Estimating time of death of deer in Missouri; a comparison of three indicators
Estimation of time of death (TOD) of white-tailed deer is important to wildlife law enforcement officers. The purpose of this study was to develop and test a model for estimating TOD of white-tailed deer in Missouri. We compare the utility of carcass temperature, pupil diameter, and rigor mortis as TOD indicators. The effects of body size, ambient temperature, and various carcass handling methods on the estimate were also examined. Data were collected from 1484 deer during the 1995-96 and 1996-97 hunting seasons.
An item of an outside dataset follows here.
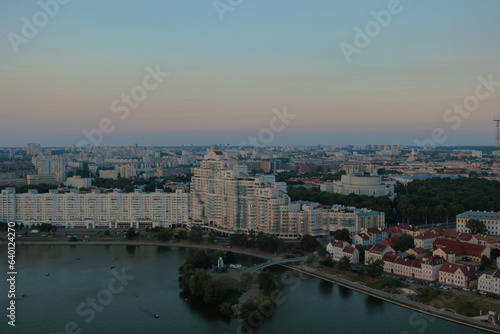 Top view of the evening city, sundown light and shadow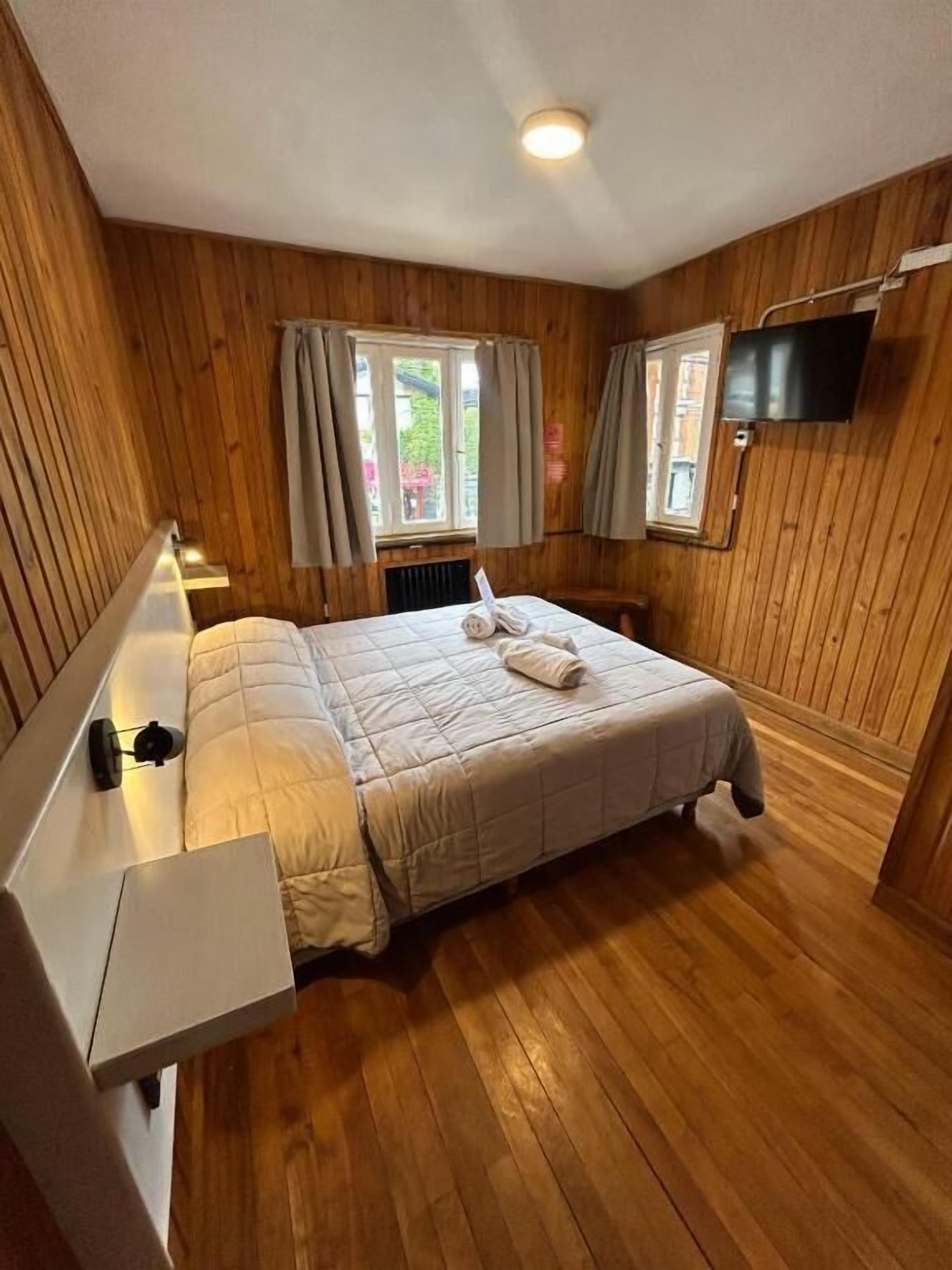 Ein Zimmer mit Holzwänden, einem Bett, einem an der Wand befestigten Fernseher und einem Fenster mit Vorhängen.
Stepwise regression indicated that all three indicators were significant and that body size and ambient temperature could influence the model. Predictive equations were developed for various combinations of the indicators based on practicality and statistical probabilities. TOD was estimated for 28 animals where the exact TOD was known. There was no significant difference between the estimated and known TOD (p = 0.759) and the average of the absolute differences is 1 h and 28 min.
Carcass cooling, Deer, Forensic pathology, Forensic science, Missouri, Postmortem interval, Rigor mortis, Time of death, Wildlife law enforcement
Hadley, Bradley M., Lynn W. Robbins, and David A. Beffa. "Estimating time of death of deer in Missouri; a comparison of three indicators." Journal of Forensic Science 44, no. 6 (1999): 1124-1130.